Eine sinnvolle Idee ist es auch, nicht allzu viele Besucher zu den Anlagen zu lassen. Jedenfalls während des Einsetzens und Bewertens. Der Bereich war gut abgetrennt. Klar, das immer ein paar einzelne Leute die gerade Fische einlieferten sich umsahen, ich selbst war ja auch da. Aber es waren nie zu viele in diesem Bereich. Ebenso ist auch die Ruhe wichtig. Was natürlich beim Bewerten eh unerlässlich ist. Wenn ich da an unsere Ausstellung denke, muss ich zugeben, dass zu viele Leute bei uns querbeet laufen und es auch viel hektischer zugeht. 

Zum Bewerten selbst sei gesagt, das Max vor der eigentlichen Bewertung nochmals grundlegende Sachen durchging und ansprach. Für die nicht Deutsch sprechenden Bewerter übersetzte Walter Schuster und Gerd Schwabe. Die Weibchensätze wurden zusammen und als erstes bewertet. Rundum muss man sagen, dass Max und sein Team alles im Griff hatten. Die Einteilung der Personen wirkte sich positiv auf die Ausstellung aus. Natürlich möchte ich noch auf die Bewirtung eingehen. Das Essen wurde mit Hilfe von Michael und Gerhard ein voller Erfolg. Es schmeckte hervorragend. Ebenso waren alle Arten von Getränken vorhanden. 

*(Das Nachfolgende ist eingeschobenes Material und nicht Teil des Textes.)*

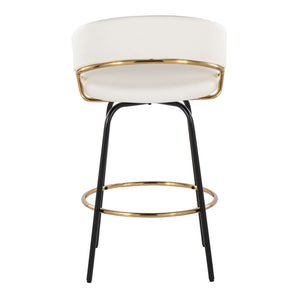 Jie - Fixed Height Contemporary Counter Stool With Swivel Round Footrest (Set of 2)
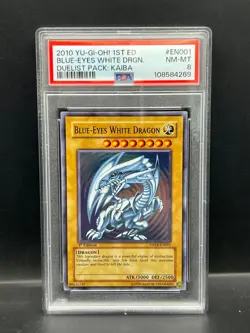 Yugioh PSA 8 NM-MT Blue-Eyes White Dragon DPKB-EN001 Super Rare 1st Ed S#4269 - Image 1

Ich kam mir vor wie ein guter alter Freund. Es fiel mir sichtlich schwer, als ich mich am nächsten Tag von allen verabschieden musste. Doch mein Flug ging pünktlich. Ich weiß aber schon jetzt, dass ich auf jeden Fall wieder kommen werde. Das ist sicher.

Danke nochmals auch an Hermann Magoschitz, in dessen Elternhaus ich übernachten durfte. Auch dort gäbe es viele tolle Sachen zu berichten, doch dies wäre eine andere Geschichte.